Missoula: Rape and the Justice System in a College Town by Jon Krakauer - This book is hard.  It's brutal, in fact.  But it's also incredibly important.  Krakauer dives right into the entitlement that athletes often feel and in fact, are given, by the team, school, town that rallies around them, even when they are accused of horrendous crimes.  While a true story, Krakauer's writing is fluid and almost reads like a novel.  He provides important facts and background information, without ever coming across as a lecturer.  No one is left off the hook here, from the police officers to the attorneys to the community at large.  Some may call Krakauer biased (I'm not one of them), but given the evidence that he presents, it's hard not to see his point.

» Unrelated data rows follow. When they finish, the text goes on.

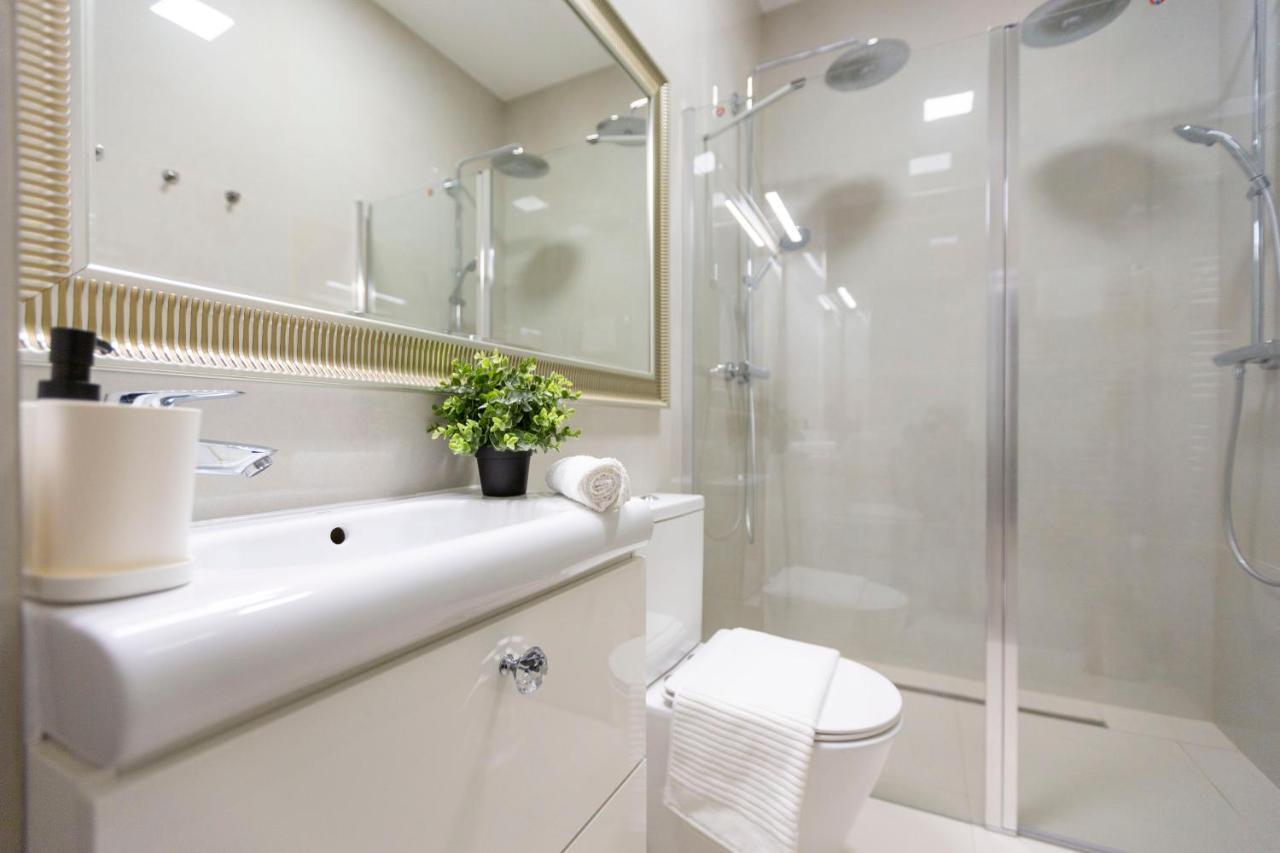 Exclusive Downtown Apartment In The Heart Of ブダペスト エクステリア 写真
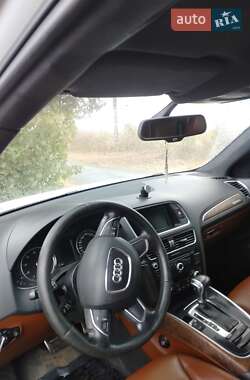 Внедорожник / Кроссовер Audi Q5 2012 в 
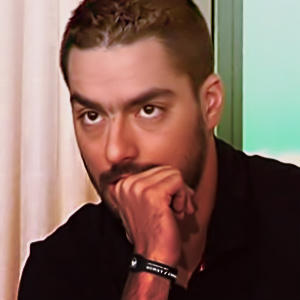 حسن الشافعي يغضب جمهوره بعد هذه الصورة حسن الشافعى يقبل يد احلام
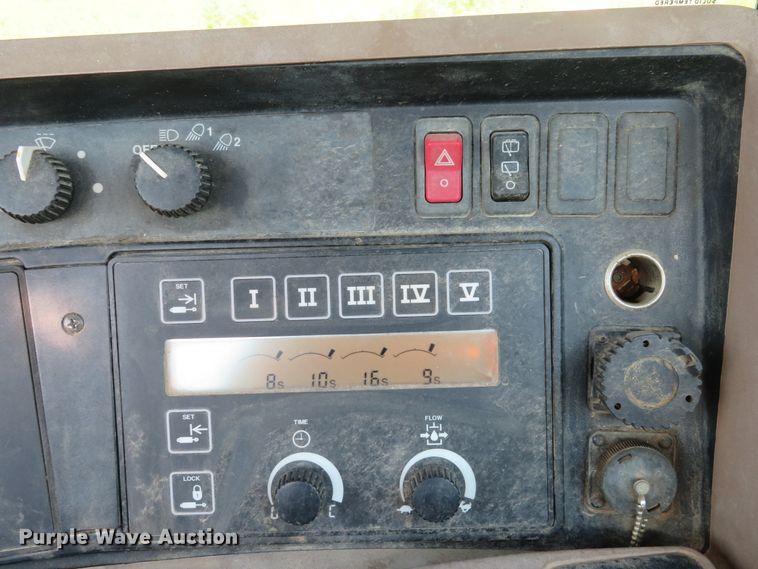 image for item DE8265 2000 John Deere 9400 4WD tractor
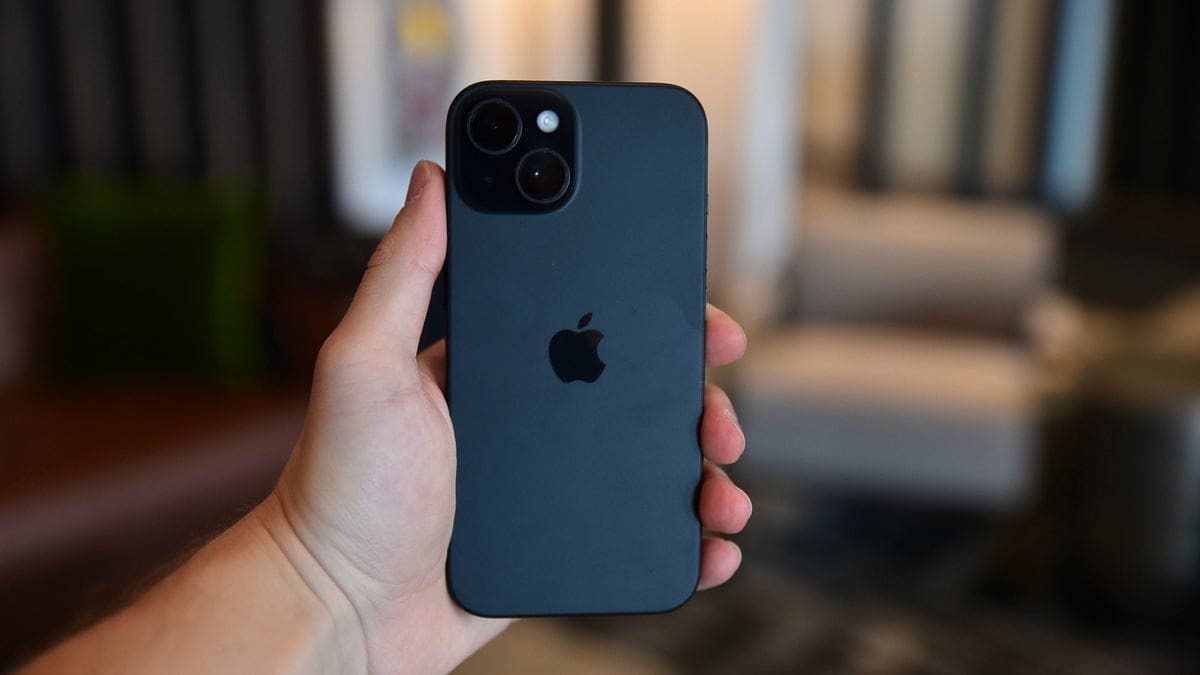 Featured image for Telecommunications Fraud Update: $6.1M iPhone Scammer Sentenced for Switching 10,000 Counterfeit Devices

The Invaders by Karolina Waclawiak - Cheryl is a discontented housewife.  Teddy is her drug-addict/dealer stepson, recently kicked out of Dartmouth.  Together, they make a strange pair, but over the course of a summer in their quiet Connecticut coastal town, they find that they share common ground.  Looking at the darker side of a "perfect" world, Waclawiak captures the feel of a wealthy community intent on isolating themselves from anyone they consider less-than.  Both Cheryl and Teddy, although officially part of said community, feel at odds with those attitudes and have become outsiders.  Smart and haunting, this was a good one.